The legal consequences of cyberbullying
Public Safety Canada (PSC) is reminding Canadians that on top of consequences imposed by schools or employers, there are also many legal consequences to cyberbullying in Canada.
One of those consequences could from a new law, The Protecting Canadians from Online Crime Act, which came into effect in March of this year.
“It brings our laws up to date by making it a criminal offence to distribute intimate images without the consent of the person depicted,” said PSC spokesperson Zarah Malik. “The new legislation also modernizes the investigative powers in the Criminal Code to facilitate the investigation of criminal activity involving electronic communications. These investigative powers are subject to appropriate judicial oversight.”
The new law applies to everyone, not just people under the age of 18 and is intended to put a stop to a revenge tactic. According to PSC, this will help stop “revenge porn” which can happen when a boyfriend or girlfriend shares an intimate image of themselves with his or her partner. When the relationship ends, the partner then distributes the image. The PSC states that whatever the motivation is, this type of cyberbullying can be devastating to a person’s self-esteem, reputation and mental health. In some cases, these acts may have played a part in teens taking their own lives. This new offence is punishable by a maximum penalty of five years’ imprisonment.

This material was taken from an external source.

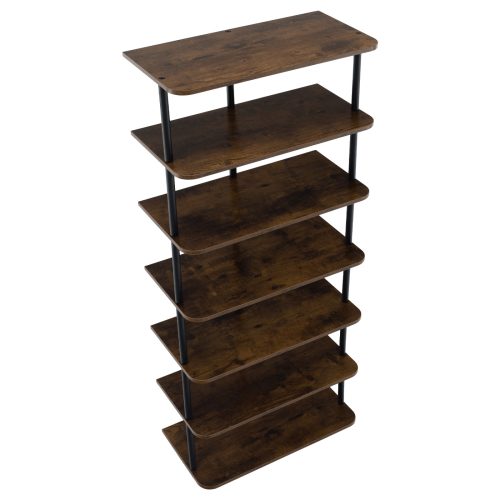 Többcélú polc, fekete/rusztikus fa, ETUDA TÍPUS 2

According to the legislation, an “intimate image” is defined as an image that depicts a person engaged in explicit sexual activity or that depicts a sexual organ, anal region or breast. In addition to that, the image would have to be one where there person depicted had a reasonable expectation of privacy at the time of the recording and had not relinquished his or her privacy interest at the time of the offence.
There are also many pre-existing laws that cover many of the actions that are common to cyberbullying. Those Criminal Code offences include criminal harassment, uttering threats, intimidation, mischief in relation to data, unauthorized use of a computer, identity fraud, extortion, false messages, counseling suicide, incitement of hatred, child pornography and defamatory libel.
Several provinces also have their own laws that deal with various aspects of cyberbullying. In Alberta, the Education Act was revised to define bullying as “repeated and hostile or demeaning behaviour by an individual in the school community where the behaviour is intended to cause harm, fear or distress to one or more other individuals in the school community, including psychological harm or harm to an individual’s reputation.”
The act states that students must “refrain from, report and not tolerate bullying or bullying behaviour directed toward others in the school, whether or not it occurs within the school building, during the school day or by electronic means.”
According to Media Smarts, a Canadian non-profit that develops digital and media literacy programs, Alberta has a unique law because it requires students to report cyberbullying if they witness it, with possible suspensions or expulsion for those who do not.
Manitoba is also one of seven provinces to have specific legislation on the topic. The province passed a law in 2013 that defines bullying and cyberbullying. It also makes parents responsible for their children’s cyberbullying if the parent is aware of it, could reasonably predict the effect of it and did nothing to stop it. It also allows judges and justices of the peace to have the power to issue protection orders to keep a perpetrator from contacting a target or even using any digital communications.